Taaltechnologien
Web site for the course Taaltechnologien for AI students.
The course is base of the book
SPEECH and LANGUAGE PROCESSING
by Daniel Jurafsky and James H. Martin
Exercises
- (chapter 4): Transcribe 12 Dutch words of your choosing into
Worldbet.
(postscript
version at CSLU.CSE.OGI)
- (chapter 5): Implement the edit distance algorithm from figure
5.05
but include back-pointers to allow tracing the best alignment (use 'S', 'I', 'D'
to indicate Substitution, Insertion, and Deletion). Test it on a few examples.
NOTE: there are errors in the pseudo-code, e.g., the iterations should start
at 1, not 0, and you should initialize the 0 column and row of the distance matrix
- (chapter 6): Implement the backoff smoothing (equation 6.37) based on Katz discounting
(equation 6.29) in well documented Pseudo-code or a working program. Note that
1) the new, smoothed, zero count becomes N1/N0, i.e., the original
number of unique word N-grams divided by the number of unseen word N-grams.

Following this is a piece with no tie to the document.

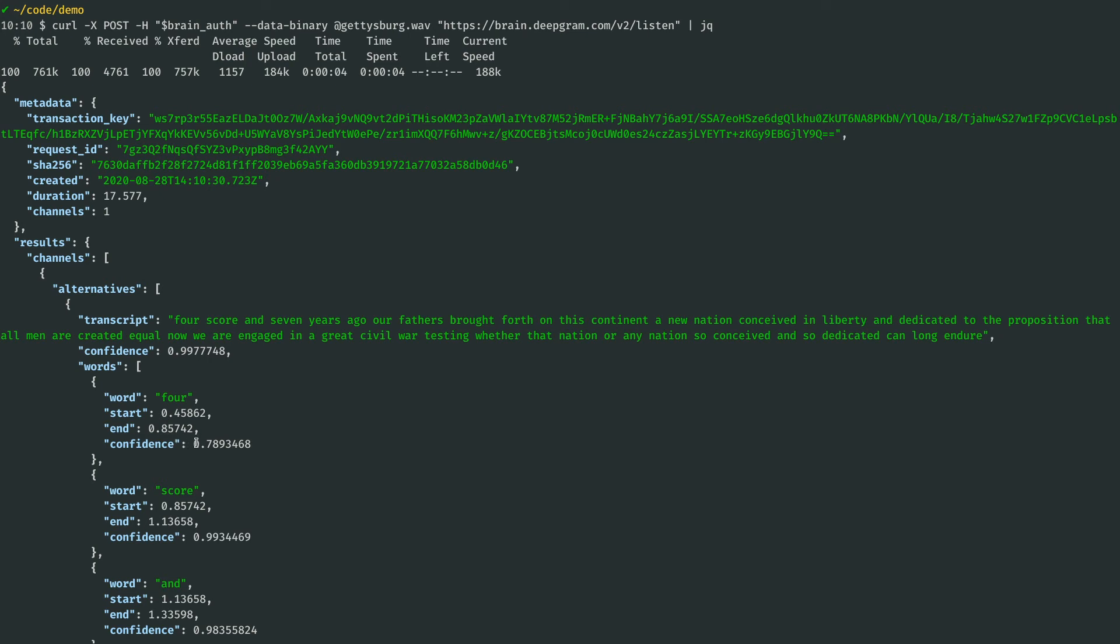That's what we call batch mode because I have a recording already done, and I'm sending a batch of audio over to DeepGram.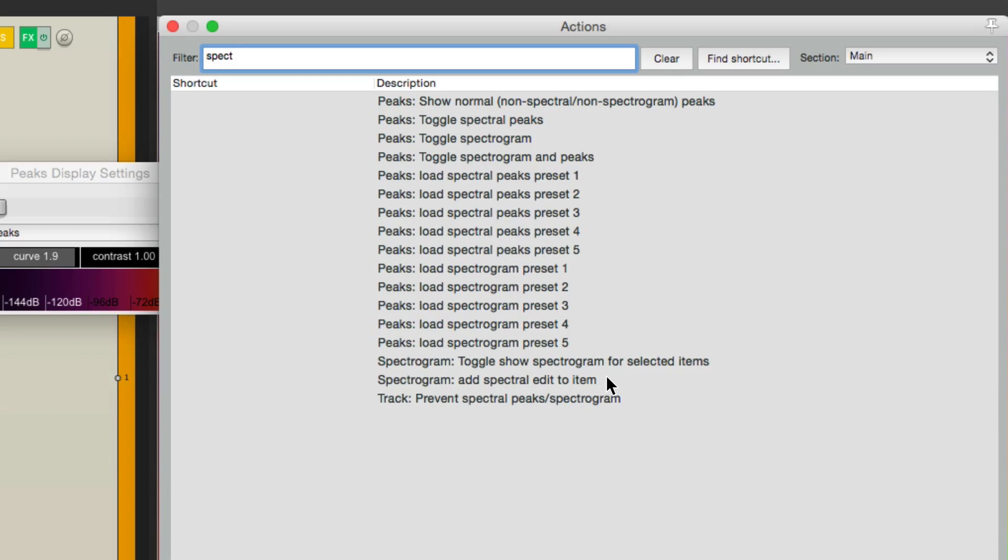So that's pretty much it. That's spectral editing in Reaper. I hope you learned something. Hope you can use it. And I'll see you next time. Thanks.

2) In the backoff procedure, count only over the Ngrams actually seen.
That is Sum over all words Wn, keep previous words fixed: P(Wn|Wn-N+1..Wn-1) becomes
Sum over all seen N-grams with Wn: Counts(Wn-N+1 ... Wn) and divide them by
the sum over all N-grams, seen and unseen. Use smoothed counts. Do the same with the backoff
probabilities, but use the smoothed counts of the N-1 grams while still counting over the
seen N-grams.
- (chapter 7&8): POS-tagger implements a (toy)

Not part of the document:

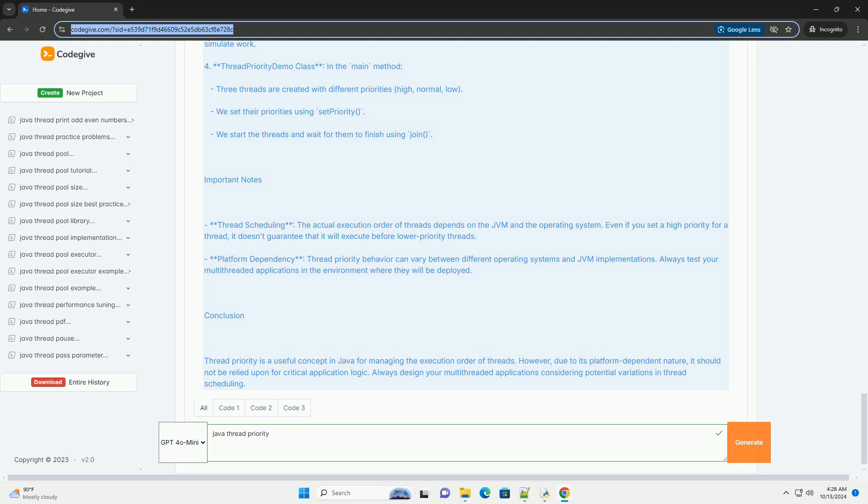4. ThreadPriorityDemo Class In the main method, three threads are created with different priorities, high, normal, low. 5. We set their priorities using setPriority. 6. We start the threads and wait for them to finish using join.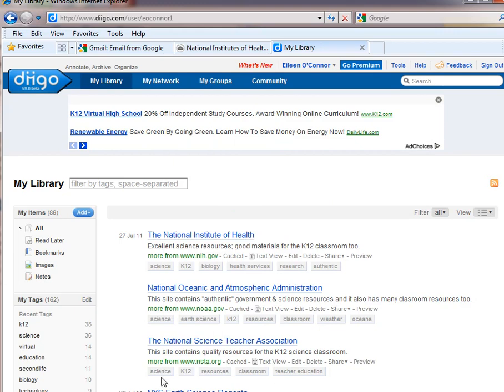So as you can see, using these types of bookmarking tools allows you to quickly aggregate resources so you don't lose them. You'll have them on different machines, you can sort them and categorize them, and you can easily share them with colleagues.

HMM POS tagger. It can use a POS bigram table to
tag a sentence (note, it is extremely slow). This POS-tagger
uses a Viterbi search to determine the lowest "cost" path optimizing the path with minimal
summ cost (i.e., Cost = -log2(P(word|tag)) + m * -log2(P(Tag|PreviousTag))). In this formula
m is the language match factor.
Answer the following questions:
- a) Try out the following commands:
./POStagger_hmm.pl POSbigramtable.txt 'de was is schoon'
./POStagger_hmm.pl POSbigramtable.txt 'de bal is schoon'
What are the differences? Explain them (you can look inside
the POS bigram table)
- b) One problem might be that the lexical factor -log2(P(word|tag)) is much
larger than the language factor -log2(P(Tag|PreviousTag)). You can equalize
the weight of both factors by using the -m option. Try it:
./POStagger_hmm.pl POSbigramtable.txt 'de was is schoon' -m 5
./POStagger_hmm.pl POSbigramtable.txt 'de bal is schoon' -m 5
What is the result? Try out -m 10 for the language factor. Try to
explain what happens.
Give more examples.
- c) Specify a broad design of this POS tagger. Include the relevant formula's
for determining and smoothing P(word|tag) and P(Tag|PreviousTag), and the
pseudo code of the Viterbi search. (note: the table for the Viterbi
search contains the words along the bottum and all the Tags allong the
vertical axis).
- d) Specify the design to include back-off in the language model (i.e.,
P(Tag|PreviousTag))?
- e) How to back-off on P(word|tag) is not directly obvious. It can be done
by noticing that the tag of an unknown word can often be guessed on its
suffix. So you could build a Tag probability table for the last three
letters of each known word and use it to back off from unknown
words.
Specify how this suffix back-off would look like in the design of the
POS-tagger.
- Student Presentations of recent papers
Materials
- Chapter 2 all
- Chapter 3 all
- Chapter 4 all
- Chapter 5 all
- Chapter 6 all
- Chapters 4&5 of HMM-based continuous speech recognition, PhD thesis of Paul van Alphen, 1992
(replaces chapter 7 of the book)
- skip Chapter 8, use what has been told for exercise 4
- The Generalized LR Parsing Algorithm (Tomita parser), Masaru Tomita & See-Kiong Ng
- Sections 1-4 of Data Oriented Language Processing, Rens Bod & Remco Scha
- Sections 1-4 of Putting Language into Language Modelling, Frederick Jelinek & Ciprian Chelba (Eurospeech 99)
- The above replace Chapters 9, 10, 12
- Table I and Sections 3 and 5 of A conversation acts model for generating spoken dialogue contributions,
Amanda Stent, Computer Speech and Language 16, 313-352 (2002)
- The above replaces Chapters 19 and 20
- Chapter 21 is skipped